◆ Task requirements ◆
Set down, exactly and only, everything from the line containing "Fits 16-22 Honda" down to the line containing "peach color embroidered" in the data below; the pictures are not part of the copy.

Start of Materials provided

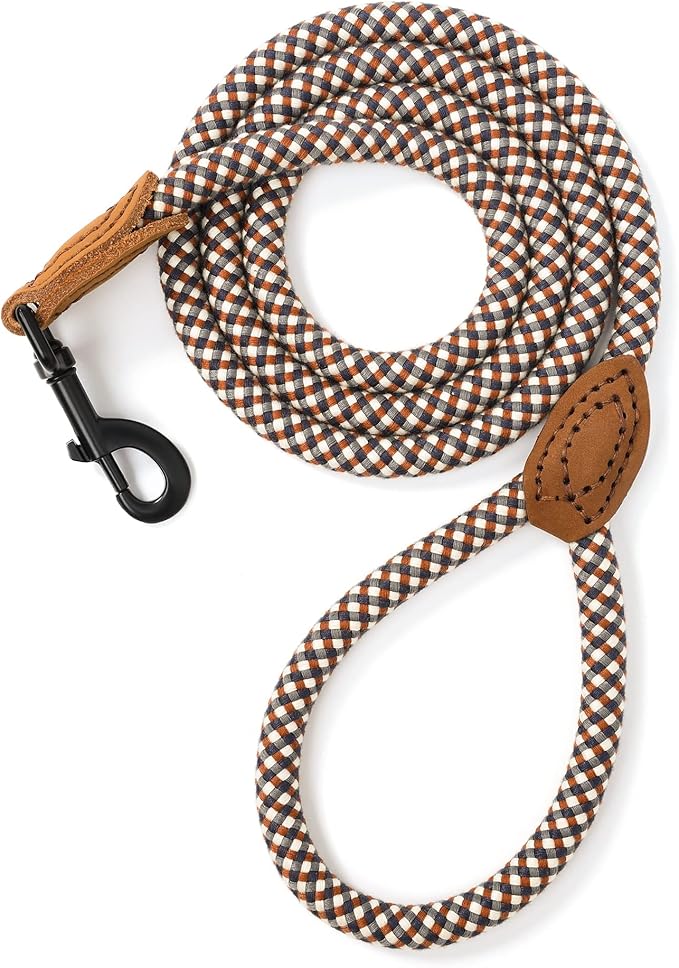 Mile High Life Rope Leash with Genuine Leather Connection, 6 FT/5 FT/4 FT, Heavy Duty Leash for Medium & Large Dogs (Brown, 48 Inch)
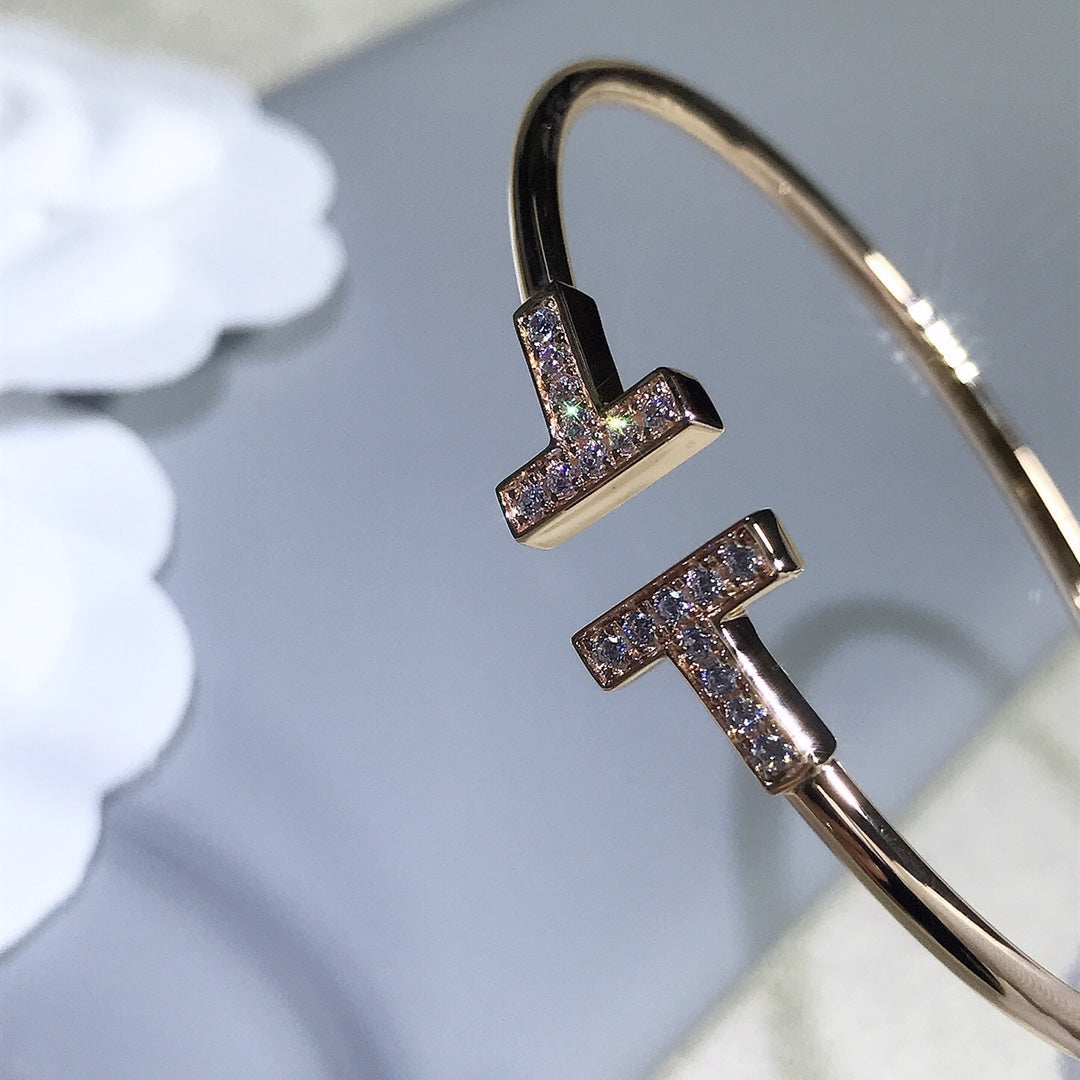 [Hyrra Jewelry]T BRACELET PINK GOLD 1.8MM DIAMOND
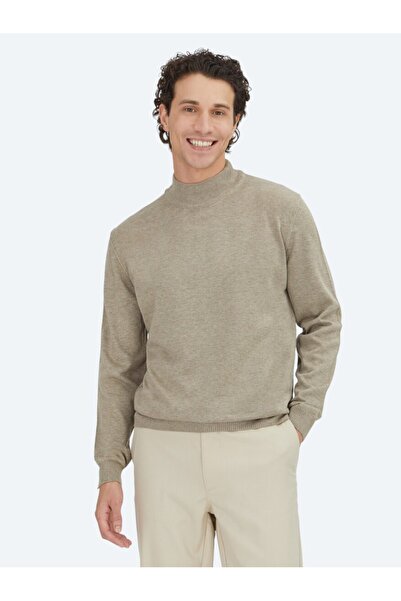 Kip Pulover tricotat cu jumătate de gât rotund, bej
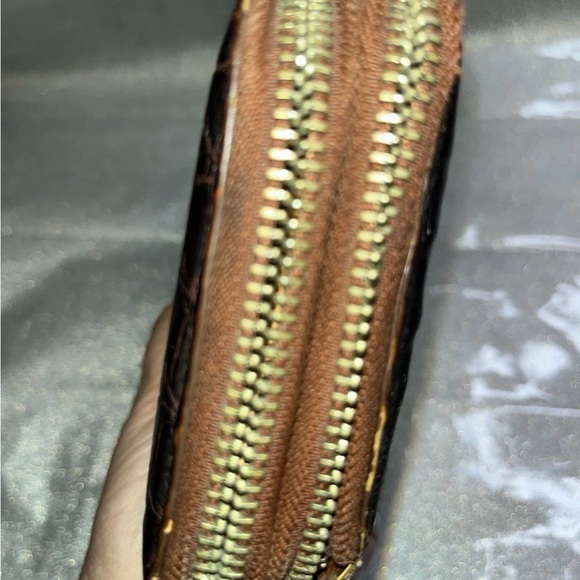 Godane Genuine Crocodile Embossed Leather Long Zippy Wallet. Vtg Exotic Japan! - Picture 5 of 14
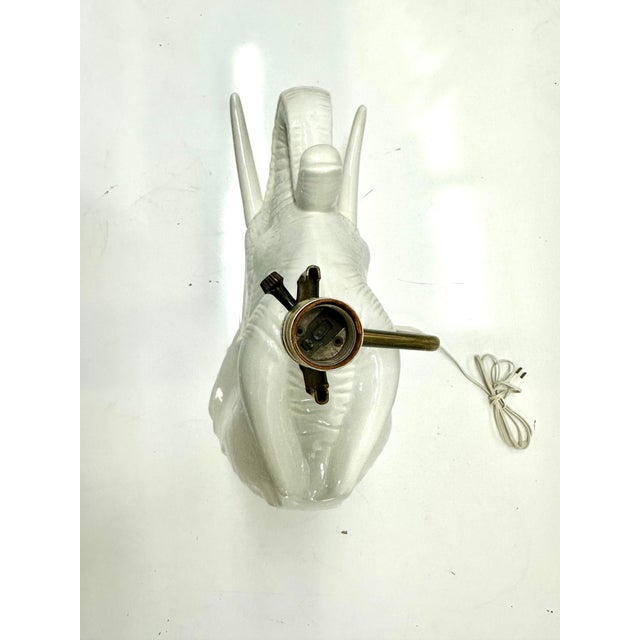Hollywood Regency Porcelain Elephant Sculptural Lamp For Sale - Image 4 of 9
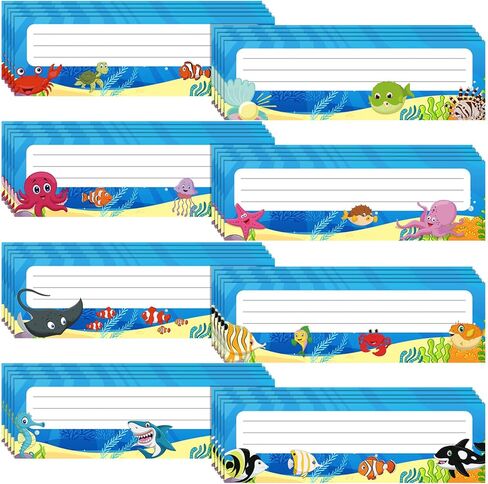 40 Pieces Sea Themed Flat Name Plates Sea Life Colorful Desk Name Plates Ocean Sea Animal Desk Buddy Name Labels for School Desk Decor Self Adhesive Labels Bulletin Board Scrapbooking Supplies in Saudi Arabia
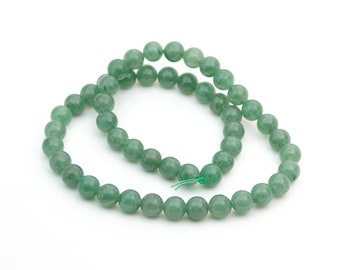 Small round green aventurine beads, 15" strand polished semiprecious stone, average size 8mm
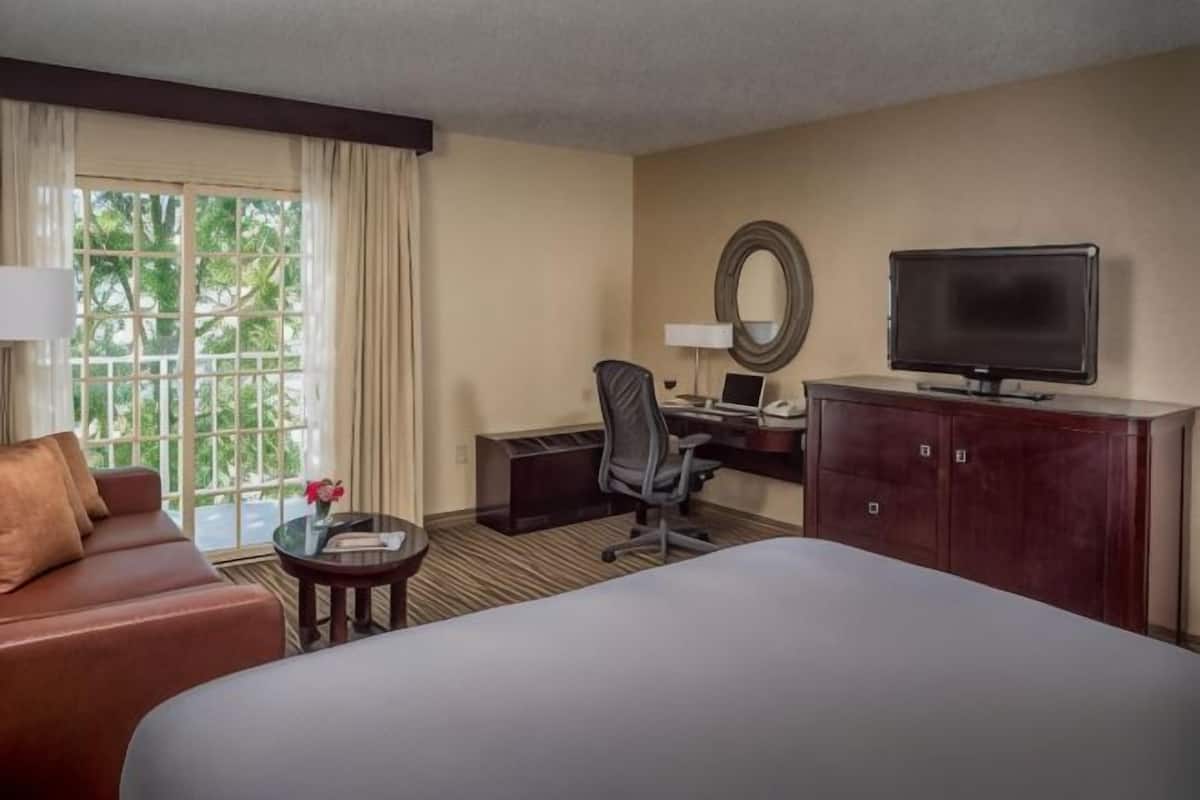 Down comforters, pillowtop beds, in-room safe, desk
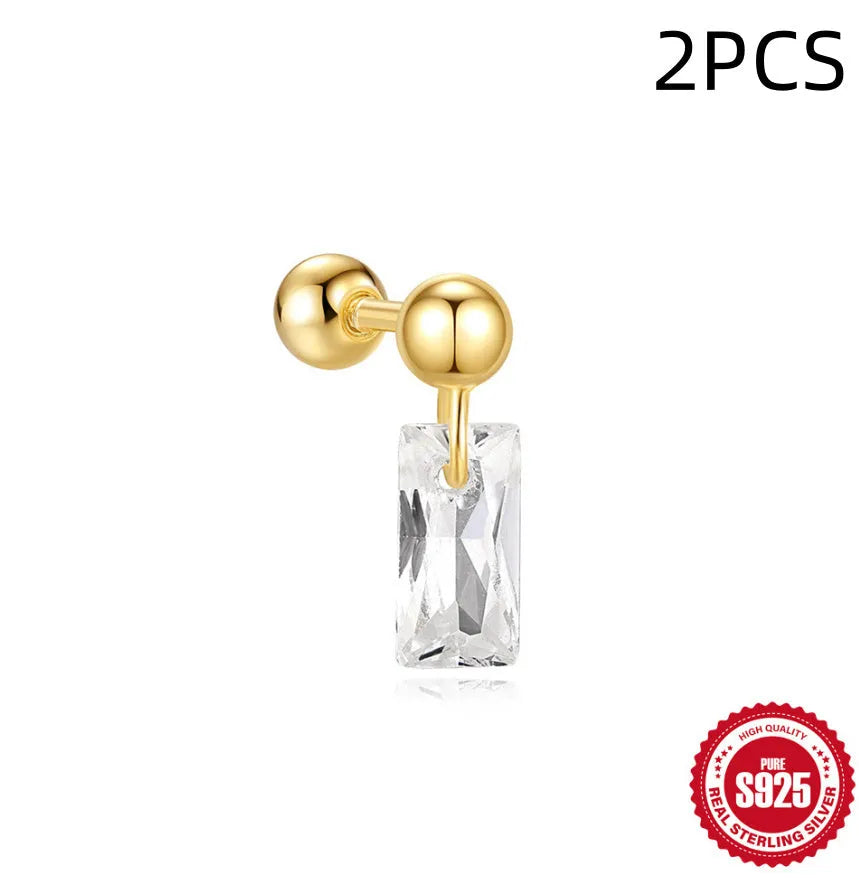 S925 sterling silver square gravel stud earring with red centre and gold plating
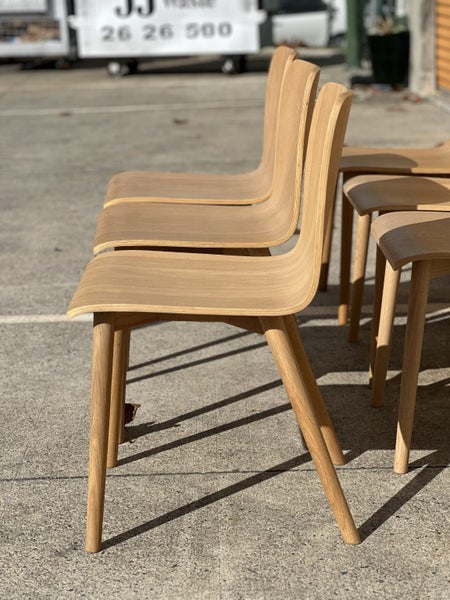 MAGNIFICENT CUCHI "SKETCH TAMI" OAK DINING CHAIRS X6 Carousel 12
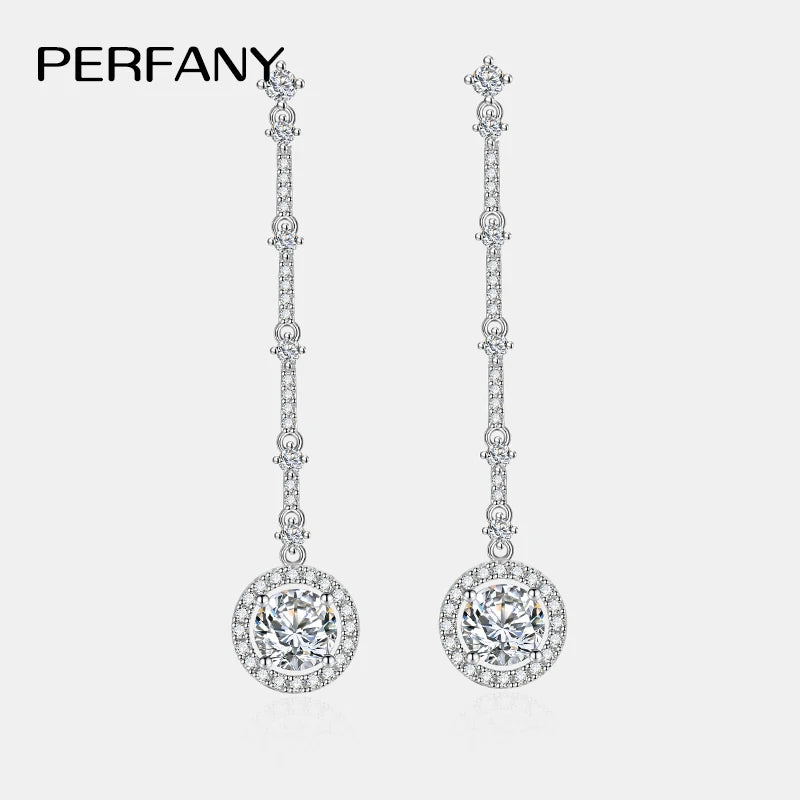 PERFANY 1CT Moissanite Drop Earring Women S925 Pure Silver Round Laboratory Diamond Long Earrings Fashion High End Party Jewelry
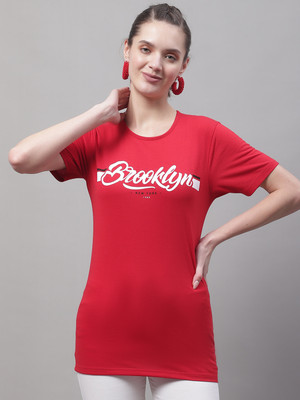 MACK JONNEY Printed Women Round Neck Red T-Shirt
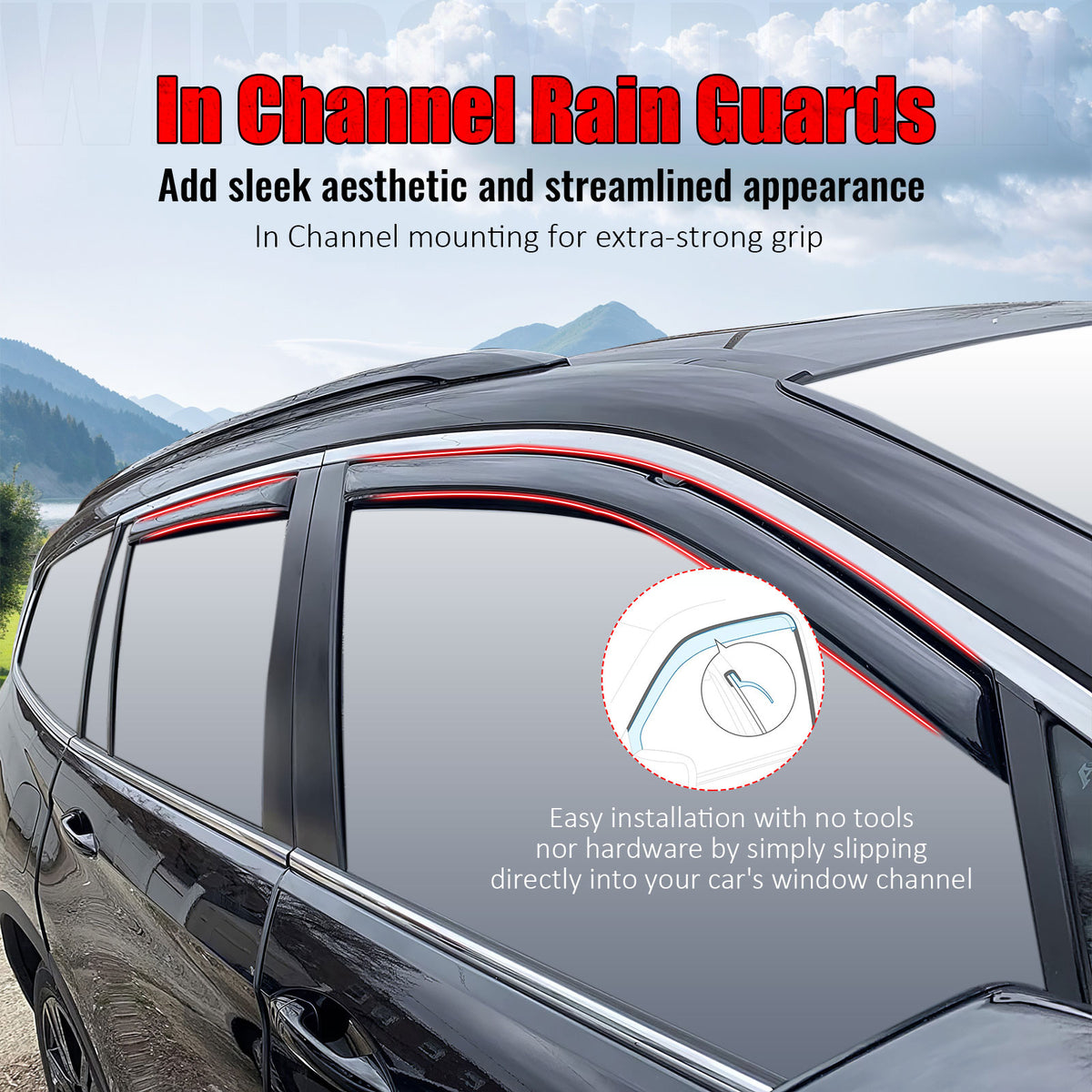 Fits 16-22 Honda Pilot 4PCS Side Window Visors Acrylic Deflectors - In-Channel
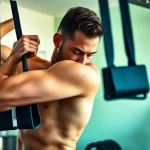 Fitness enthusiast using resistance bands for pull-ups in a dynamic home gym setting.
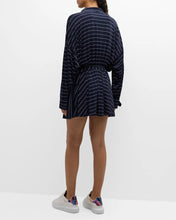 Load image into Gallery viewer, NORMA KAMALI-NAVY PINSTRIPE OVERSIZED FLARED MINI DRESS
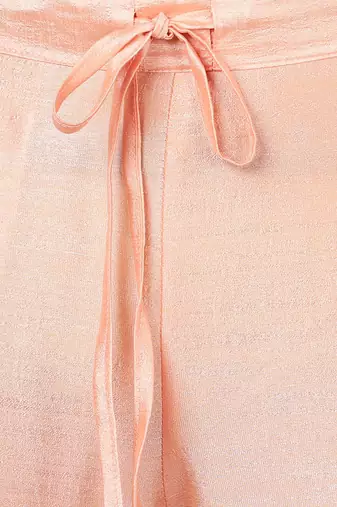 peach color embroidered silk blend styles kurta trouser with dupatta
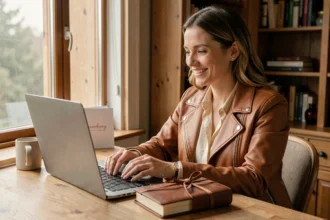 Femme célébrant ses 2 ans de mariage à distance via appel vidéo avec cadeau en cuir sur bureau en bois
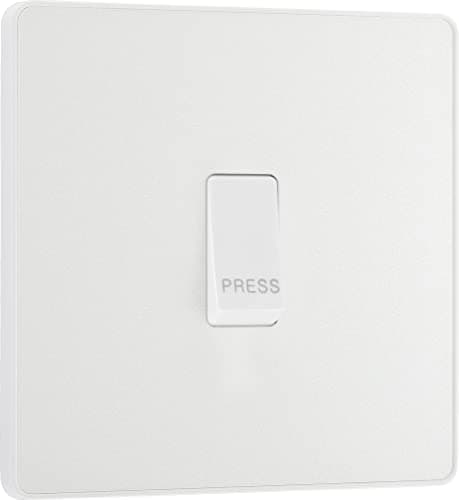Image of BG Electrical Single Retractive Press Switch, Screwless Front Plate, Round Edges, 1 Way, Evolve, Pearlescent White, 10A, PCDCL14W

End of Materials provided

◆ Answer section ◆
 Fits 16-22 Honda Pilot 4PCS Side Window Visors Acrylic Deflectors - In-Channel
 Fitness enthusiast using resistance bands for pull-ups in a dynamic home gym setting.
 Load image into Gallery viewer, NORMA KAMALI-NAVY PINSTRIPE OVERSIZED FLARED MINI DRESS
 peach color embroidered silk blend styles kurta trouser with dupatta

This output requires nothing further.